I assume that for Waterston shunt you mean the creation of an aorto pulmonary shunt by connecting the ascending aorta to the right pulmonary artery. Initially done by direct anastomosis it has been modified by using the interposition of a PTFE tube graft between the ascending aorta and the right pulmonary artery to create the shunt. If for modified Waterston shunt (aorto pulmonnary shunt with the interposition of PTFE graft) you mean this last description the is usually done through a midline sternotomy,
I do not have experience with right or left thoracotomy. Although I imaging that can be performed through a right thoractomy. Regarding you question of a left thoracotomy approach i believe that Waterston shunt are not doable. What you can do from a left thoractomy (maybe) is a Potts shunt that consisted in anastomosis of the left pulmonary artery with the descending aorta.

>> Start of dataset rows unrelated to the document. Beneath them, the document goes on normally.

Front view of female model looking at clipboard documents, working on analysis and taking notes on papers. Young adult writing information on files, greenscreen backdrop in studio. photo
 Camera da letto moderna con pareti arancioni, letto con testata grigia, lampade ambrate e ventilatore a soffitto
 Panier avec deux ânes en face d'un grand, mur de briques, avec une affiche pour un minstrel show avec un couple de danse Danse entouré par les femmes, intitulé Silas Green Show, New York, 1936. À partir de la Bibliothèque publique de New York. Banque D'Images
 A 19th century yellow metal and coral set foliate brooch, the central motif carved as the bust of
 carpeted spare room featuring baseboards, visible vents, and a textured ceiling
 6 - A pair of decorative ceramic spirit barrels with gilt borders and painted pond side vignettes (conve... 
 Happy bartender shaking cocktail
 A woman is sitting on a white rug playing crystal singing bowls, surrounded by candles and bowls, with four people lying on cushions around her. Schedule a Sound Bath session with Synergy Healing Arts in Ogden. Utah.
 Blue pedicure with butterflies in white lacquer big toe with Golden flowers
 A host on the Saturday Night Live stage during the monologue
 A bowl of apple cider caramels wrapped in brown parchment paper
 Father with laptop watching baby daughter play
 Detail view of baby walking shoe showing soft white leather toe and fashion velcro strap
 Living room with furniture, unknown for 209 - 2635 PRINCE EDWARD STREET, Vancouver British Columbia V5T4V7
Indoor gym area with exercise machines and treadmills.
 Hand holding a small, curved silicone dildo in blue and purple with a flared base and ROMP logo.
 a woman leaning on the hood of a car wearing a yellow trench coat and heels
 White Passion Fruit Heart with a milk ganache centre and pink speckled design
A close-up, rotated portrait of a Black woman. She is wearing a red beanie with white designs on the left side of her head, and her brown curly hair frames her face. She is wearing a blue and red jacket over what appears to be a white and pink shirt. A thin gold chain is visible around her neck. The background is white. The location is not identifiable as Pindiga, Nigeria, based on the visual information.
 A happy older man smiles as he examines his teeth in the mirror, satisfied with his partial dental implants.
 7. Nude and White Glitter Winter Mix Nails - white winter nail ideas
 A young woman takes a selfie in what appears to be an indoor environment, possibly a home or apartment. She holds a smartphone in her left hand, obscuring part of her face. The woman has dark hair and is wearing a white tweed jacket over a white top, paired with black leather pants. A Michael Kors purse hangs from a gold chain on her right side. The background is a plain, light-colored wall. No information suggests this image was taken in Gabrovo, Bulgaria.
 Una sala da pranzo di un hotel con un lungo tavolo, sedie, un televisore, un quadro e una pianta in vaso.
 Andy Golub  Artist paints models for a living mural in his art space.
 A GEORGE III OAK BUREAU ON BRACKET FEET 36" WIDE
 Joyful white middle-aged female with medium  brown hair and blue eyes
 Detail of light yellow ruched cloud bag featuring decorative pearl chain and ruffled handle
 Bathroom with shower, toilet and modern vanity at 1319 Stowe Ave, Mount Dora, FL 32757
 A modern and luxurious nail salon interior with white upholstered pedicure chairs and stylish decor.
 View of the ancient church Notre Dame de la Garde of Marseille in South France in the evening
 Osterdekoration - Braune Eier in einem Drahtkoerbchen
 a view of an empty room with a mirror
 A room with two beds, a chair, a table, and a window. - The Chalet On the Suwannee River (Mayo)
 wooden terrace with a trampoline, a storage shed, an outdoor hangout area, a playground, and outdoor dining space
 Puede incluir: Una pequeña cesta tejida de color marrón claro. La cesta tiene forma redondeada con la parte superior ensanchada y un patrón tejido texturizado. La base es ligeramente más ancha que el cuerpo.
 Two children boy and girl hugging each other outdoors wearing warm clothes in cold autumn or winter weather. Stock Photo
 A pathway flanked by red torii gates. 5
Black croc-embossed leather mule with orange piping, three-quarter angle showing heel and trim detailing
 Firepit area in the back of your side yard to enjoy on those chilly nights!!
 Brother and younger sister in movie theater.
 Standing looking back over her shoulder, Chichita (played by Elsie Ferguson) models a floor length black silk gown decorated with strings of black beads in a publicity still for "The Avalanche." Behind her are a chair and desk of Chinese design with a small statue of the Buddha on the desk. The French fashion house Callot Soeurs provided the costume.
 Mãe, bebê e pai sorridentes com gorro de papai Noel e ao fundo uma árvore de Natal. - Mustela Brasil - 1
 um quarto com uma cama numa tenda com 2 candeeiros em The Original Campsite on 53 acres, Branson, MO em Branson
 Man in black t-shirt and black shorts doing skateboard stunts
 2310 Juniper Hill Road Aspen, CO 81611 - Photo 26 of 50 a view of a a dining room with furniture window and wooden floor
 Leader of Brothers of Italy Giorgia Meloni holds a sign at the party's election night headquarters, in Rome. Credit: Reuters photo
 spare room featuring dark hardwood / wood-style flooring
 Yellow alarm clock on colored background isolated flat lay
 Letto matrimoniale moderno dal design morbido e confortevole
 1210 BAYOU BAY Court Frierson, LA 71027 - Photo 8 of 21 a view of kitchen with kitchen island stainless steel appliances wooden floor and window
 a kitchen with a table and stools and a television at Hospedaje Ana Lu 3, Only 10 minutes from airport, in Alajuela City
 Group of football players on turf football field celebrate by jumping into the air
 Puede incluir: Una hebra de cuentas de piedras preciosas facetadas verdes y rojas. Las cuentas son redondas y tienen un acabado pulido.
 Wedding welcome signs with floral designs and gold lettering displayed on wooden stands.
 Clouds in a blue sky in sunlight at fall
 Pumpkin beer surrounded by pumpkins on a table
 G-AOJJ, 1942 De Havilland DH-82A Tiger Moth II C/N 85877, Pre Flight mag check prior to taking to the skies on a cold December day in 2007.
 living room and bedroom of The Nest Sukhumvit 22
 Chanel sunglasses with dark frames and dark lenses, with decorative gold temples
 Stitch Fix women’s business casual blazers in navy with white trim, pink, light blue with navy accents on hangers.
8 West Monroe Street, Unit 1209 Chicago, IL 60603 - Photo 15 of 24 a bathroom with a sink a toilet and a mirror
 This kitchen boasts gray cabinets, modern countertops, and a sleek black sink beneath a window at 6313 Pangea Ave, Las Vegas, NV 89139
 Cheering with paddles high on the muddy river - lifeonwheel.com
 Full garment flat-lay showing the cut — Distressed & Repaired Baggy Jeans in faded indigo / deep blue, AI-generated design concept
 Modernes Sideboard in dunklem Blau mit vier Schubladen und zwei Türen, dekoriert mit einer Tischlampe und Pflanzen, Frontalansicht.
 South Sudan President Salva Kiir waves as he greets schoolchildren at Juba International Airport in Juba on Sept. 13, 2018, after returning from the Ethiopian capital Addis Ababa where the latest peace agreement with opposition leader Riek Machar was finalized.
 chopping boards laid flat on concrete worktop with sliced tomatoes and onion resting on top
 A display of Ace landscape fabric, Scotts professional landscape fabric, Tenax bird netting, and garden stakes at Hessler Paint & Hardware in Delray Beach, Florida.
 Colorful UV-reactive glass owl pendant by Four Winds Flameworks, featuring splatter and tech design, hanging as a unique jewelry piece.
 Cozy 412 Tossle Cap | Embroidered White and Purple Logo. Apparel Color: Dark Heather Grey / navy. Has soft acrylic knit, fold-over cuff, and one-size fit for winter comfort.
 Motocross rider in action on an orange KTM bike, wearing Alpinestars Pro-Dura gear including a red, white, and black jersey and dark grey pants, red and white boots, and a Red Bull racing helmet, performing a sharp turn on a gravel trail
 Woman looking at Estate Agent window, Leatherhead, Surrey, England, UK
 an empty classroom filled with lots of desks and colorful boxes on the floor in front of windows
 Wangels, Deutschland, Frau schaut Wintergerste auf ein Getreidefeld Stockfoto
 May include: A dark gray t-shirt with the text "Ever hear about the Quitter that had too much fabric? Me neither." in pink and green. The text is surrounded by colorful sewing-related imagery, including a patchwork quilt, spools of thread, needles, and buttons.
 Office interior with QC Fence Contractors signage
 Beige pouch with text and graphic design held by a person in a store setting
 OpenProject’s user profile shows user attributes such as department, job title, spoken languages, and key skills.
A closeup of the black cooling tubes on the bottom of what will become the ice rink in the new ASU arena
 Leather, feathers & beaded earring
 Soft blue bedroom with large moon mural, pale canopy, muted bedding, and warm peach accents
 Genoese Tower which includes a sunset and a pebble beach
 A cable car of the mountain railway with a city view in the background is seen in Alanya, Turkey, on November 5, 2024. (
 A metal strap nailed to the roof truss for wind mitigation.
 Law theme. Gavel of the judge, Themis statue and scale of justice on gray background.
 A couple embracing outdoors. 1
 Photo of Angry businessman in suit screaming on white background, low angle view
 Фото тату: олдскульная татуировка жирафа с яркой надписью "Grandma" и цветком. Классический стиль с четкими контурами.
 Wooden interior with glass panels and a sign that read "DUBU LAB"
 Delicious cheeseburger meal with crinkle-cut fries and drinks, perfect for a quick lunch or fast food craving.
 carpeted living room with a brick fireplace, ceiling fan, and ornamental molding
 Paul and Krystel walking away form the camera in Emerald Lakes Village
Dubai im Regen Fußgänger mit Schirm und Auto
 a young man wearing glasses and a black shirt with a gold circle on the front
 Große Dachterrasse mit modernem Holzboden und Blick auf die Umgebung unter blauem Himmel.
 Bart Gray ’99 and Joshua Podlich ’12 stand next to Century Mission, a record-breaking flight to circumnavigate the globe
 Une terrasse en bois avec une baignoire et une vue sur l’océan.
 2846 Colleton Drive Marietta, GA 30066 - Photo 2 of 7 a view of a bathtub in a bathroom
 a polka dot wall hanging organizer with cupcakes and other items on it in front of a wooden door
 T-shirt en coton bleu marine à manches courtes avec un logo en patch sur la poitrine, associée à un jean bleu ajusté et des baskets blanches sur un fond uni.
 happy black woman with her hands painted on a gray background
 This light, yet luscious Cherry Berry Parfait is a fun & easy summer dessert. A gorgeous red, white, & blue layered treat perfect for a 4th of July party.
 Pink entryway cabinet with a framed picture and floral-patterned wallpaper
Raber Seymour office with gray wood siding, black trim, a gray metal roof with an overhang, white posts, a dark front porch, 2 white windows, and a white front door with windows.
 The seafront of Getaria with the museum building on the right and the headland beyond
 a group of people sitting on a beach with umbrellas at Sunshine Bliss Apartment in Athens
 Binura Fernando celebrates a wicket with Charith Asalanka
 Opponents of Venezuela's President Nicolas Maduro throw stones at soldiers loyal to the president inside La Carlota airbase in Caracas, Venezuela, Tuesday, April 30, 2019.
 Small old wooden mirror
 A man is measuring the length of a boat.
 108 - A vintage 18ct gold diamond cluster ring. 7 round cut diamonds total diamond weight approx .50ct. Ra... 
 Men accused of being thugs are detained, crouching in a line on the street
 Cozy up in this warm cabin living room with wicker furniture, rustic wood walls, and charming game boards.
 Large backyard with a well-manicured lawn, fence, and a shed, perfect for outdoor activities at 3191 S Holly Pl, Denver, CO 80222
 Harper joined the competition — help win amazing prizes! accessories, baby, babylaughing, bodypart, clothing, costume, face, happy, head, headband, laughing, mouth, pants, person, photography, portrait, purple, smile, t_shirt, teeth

Nowadays I believe that Potts shunts are almost abandoned and Waterston are used only for limited group of patients like Tetralogy of Fallot with pulmonary atresia. Current approaches tend to do primary repair in first instance (when possible) but if a shunt is required modified Blalock Taussig is the more widely adopted shunt.
I'm sure that Waterston shunts could be still a valid option for older patients with untreated congenital heart disease and pulmonary hypertension or untreatable pulmonary artery hypoplasia where the shunt is used to increment oxigenation as destination therapy but there is not extensive literature supporting that apart single centers experience.
thank you very much for your answers Dr. Mauro Lo Rito and Dr. Marc Gewilling.
as you both support the central approach of the modified Waterston shunt, I am totally with you. I was thinking about right thoracotomy approach in cases you face anatomical challenges ( bovine arch, aberrant subclavian artery,..etc) to perform the right BT shunt while you all ready opened the patient right chest.